3.2 Employees are not eligible to participate in an Award of Shares if they have, or within the preceding twelve months have had, a Material Interest in:

 

  (a) a Close Company whose shares may be appropriated or acquired under the Plan; or

 

  (b) a company which has Control of such a company or is a member of a consortium which owns such a company.

 

3.3 Employees are not eligible to participate in an Award in any Tax Year if the employee is at the same time to participate in an award of shares under another plan established by the Company or a Connected Company and approved under the Schedule.

 

3.4 If an employee participates in an Award under the Plan in a Tax Year in which he has already participated in an award of shares under one or more other Plans established by the Company or a Connected Company and approved under the Schedule, the following shall apply as if the Plan and the other plan or plans were a single plan:

 

  (a) Rule 5.4 (maximum annual award of Free Shares); and

 

  (b) Rule 6.3 (maximum amount of Partnership Share Money deductions); and

 

  (c) Rule 8.6 (limit on amount reinvested)

 

3.5 Notwithstanding any provision of any other of these Rules whatsoever:

 

  (a) the Plan shall not form part of any contract of employment between the Company, a Subsidiary or any Associated Company and any Participant and it shall not confer on any Participant any legal or equitable rights (other than those constituted by the grant of Awards themselves) whatsoever against the Company, a Subsidiary or an Associated Company directly or indirectly or give rise to any cause of action at law or in equity against the Company, a Subsidiary or any Associated Company;

 

  (b) participation in an Award is a matter entirely separate from any pension right or entitlement a Participant may have and from his terms or conditions of employment and participation in the Plan shall in no respect whatever affect his pension rights or entitlements or terms or conditions of employment and in particular (but without limiting the generality of the foregoing) any Participant who ceases to be an employee of any Company, Subsidiary or Associated Company shall not be entitled to any compensation for any loss of any right or benefit or prospective right or benefit under the Plan which he might otherwise have enjoyed whether such compensation is claimed by way of damages for wrongful dismissal or other breach of contract or by way of compensation for loss of office or otherwise howsoever and notwithstanding that he may have been dismissed wrongfully or unfairly (within the meaning of the Employment Rights Act 1996).

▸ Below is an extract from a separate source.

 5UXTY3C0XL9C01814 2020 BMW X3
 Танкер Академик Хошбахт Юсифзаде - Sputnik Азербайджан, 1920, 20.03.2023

Employees who must be invited to participate in Awards

 

3.6 Employees shall be eligible to receive an Award of Shares under the Plan if they meet the requirements in Rule 3.1 and are UK resident taxpayers (within the meaning of paragraph 8(2) of the Schedule).

In this case they shall be invited to participate in any Awards of Free Shares, Partnership Shares or Matching Shares, and acquisitions of Dividend Shares, as are set out in the Plan.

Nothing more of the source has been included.